The importance of choosing the right model

I’ve had the idea for this post bouncing around in my head for several months now, but now that I don’t have classes to worry about I can finally get around to writing it. I want to talk about some “pathological examples” in computer science, in particular in complexity and computability theory.

I wanted to post a picture of William H. Mills with this post, in the spirit of Dick Lipton’s blog. Unfortunately I can’t find one! Mills was a student of Emil Artin in the ’40s; he finished his thesis in 1949 and promptly (as far as I can tell) disappeared until the ’70s, when we find some work by a William H. Mills on combinatorial designs. After this, there’s nothing of note until Dr. Mills passed away several years ago at the age of 85.

While his work (assuming it’s his) on combinatorial designs looks interesting, W.H. Mills’ small place in history is assured by a short and unassuming paper from 1947, published when he was still a student. In this paper he showed that there’s a constant, which he called A, such that [A^{3^n}] is prime for all integers n \geq 1. Nowadays it’s called Mills’ constant.

This is a formula for prime numbers — something that hundreds of amateur and professional mathematicians have sought in vain for centuries! So why isn’t Mills more famous? Well, partially because this isn’t actually a very deep result. It’s difficult, yeah, but it follows directly from earlier work that showed that there’s always a prime between n^3 and (n+1)^3. So we can construct a sequence of primes, which starts off 2, 11, 1361, …, by taking a_n to be the smallest prime greater than a_{n-1}^3, and just take A to be the limit of a_n^{1/3^n}, and everything works out nicely.
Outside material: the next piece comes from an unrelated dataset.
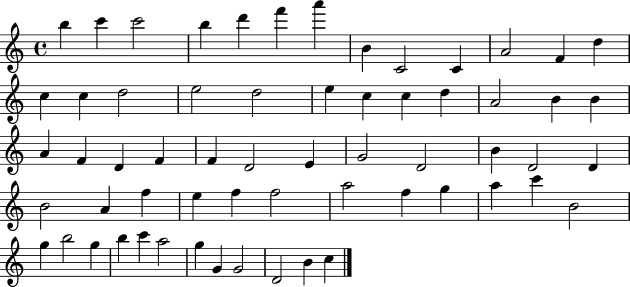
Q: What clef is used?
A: treble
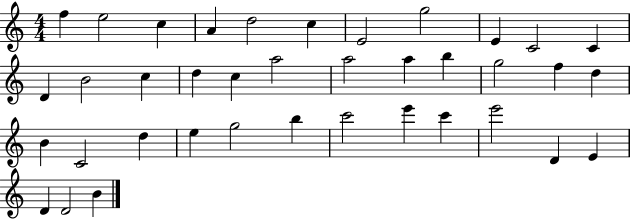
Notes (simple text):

So the formula doesn’t tell us anything special about the primes, or even use anything that special — you could do the same thing for any dense enough set of integers.
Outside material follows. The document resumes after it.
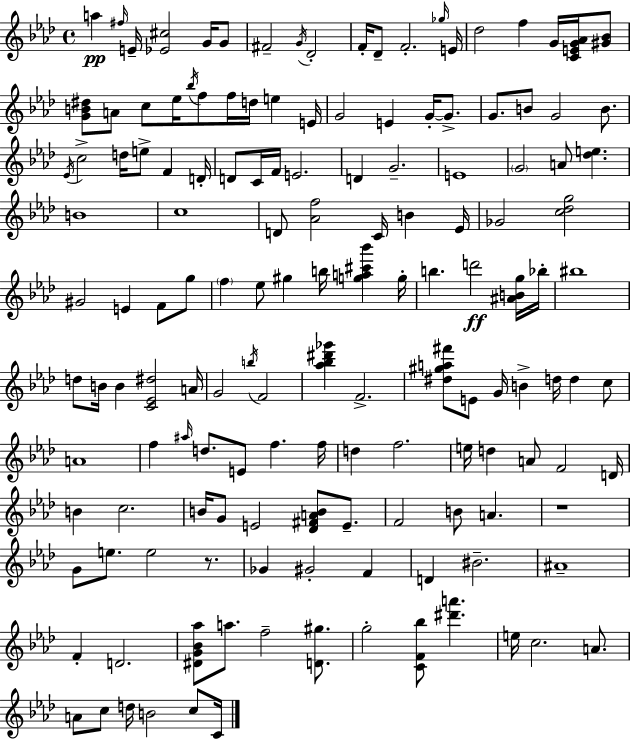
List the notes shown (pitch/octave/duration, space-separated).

A5/q F#5/s E4/s [Eb4,C#5]/h G4/s G4/e F#4/h G4/s Db4/h F4/s Db4/e F4/h. Gb5/s E4/s Db5/h F5/q G4/s [C4,E4,G4,Ab4]/s [G#4,Bb4]/e [G4,B4,D#5]/e A4/e C5/e Eb5/s Bb5/s F5/e F5/s D5/s E5/q E4/s G4/h E4/q G4/s G4/e. G4/e. B4/e G4/h B4/e. Eb4/s C5/h D5/s E5/e F4/q D4/s D4/e C4/s F4/s E4/h. D4/q G4/h. E4/w G4/h A4/e [Db5,E5]/q. B4/w C5/w D4/e [Ab4,F5]/h C4/s B4/q Eb4/s Gb4/h [C5,Db5,G5]/h G#4/h E4/q F4/e G5/e F5/q Eb5/e G#5/q B5/s [G5,A5,C#6,Bb6]/q G5/s B5/q. D6/h [A#4,B4,G5]/s Bb5/s BIS5/w D5/e B4/s B4/q [C4,Eb4,D#5]/h A4/s G4/h B5/s F4/h [Ab5,Bb5,D#6,Gb6]/q F4/h. [D#5,G#5,A5,F#6]/e E4/e G4/s B4/q D5/s D5/q C5/e A4/w F5/q A#5/s D5/e. E4/e F5/q. F5/s D5/q F5/h. E5/s D5/q A4/e F4/h D4/s B4/q C5/h. B4/s G4/e E4/h [Db4,F#4,A4,B4]/e E4/e. F4/h B4/e A4/q. R/w G4/e E5/e. E5/h R/e. Gb4/q G#4/h F4/q D4/q BIS4/h. A#4/w F4/q D4/h. [D#4,G4,Bb4,Ab5]/e A5/e. F5/h [D4,G#5]/e. G5/h [C4,F4,Bb5]/e [D#6,A6]/q. E5/s C5/h. A4/e. A4/e C5/e D5/s B4/h C5/e C4/s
The other reason why Mills’ formula isn’t as exciting as it seems is the main topic of this post, and I’ll come back to it in a bit. But first, let’s switch gears and talk graph theory.

So the first thing we need is the notion of a graph minor. Briefly, and hand-wavingly, we say that H is a minor of G if we can split some of the vertices of H “in half,” getting a pair of adjacent vertices with the same neighbors as the original vertex, and obtain a subgraph of G. This seems like a rather arbitrary notion, until you see that the “vertex-splitting” doesn’t affect the topological properties of the graph, like the ability to draw it in the plane. And in fact there’s a classic result which characterizes the planar graphs as ones with no minor isomorphic to either K_5, the complete graph on 5 vertices, or K_{3,3}, a complete bipartite graph.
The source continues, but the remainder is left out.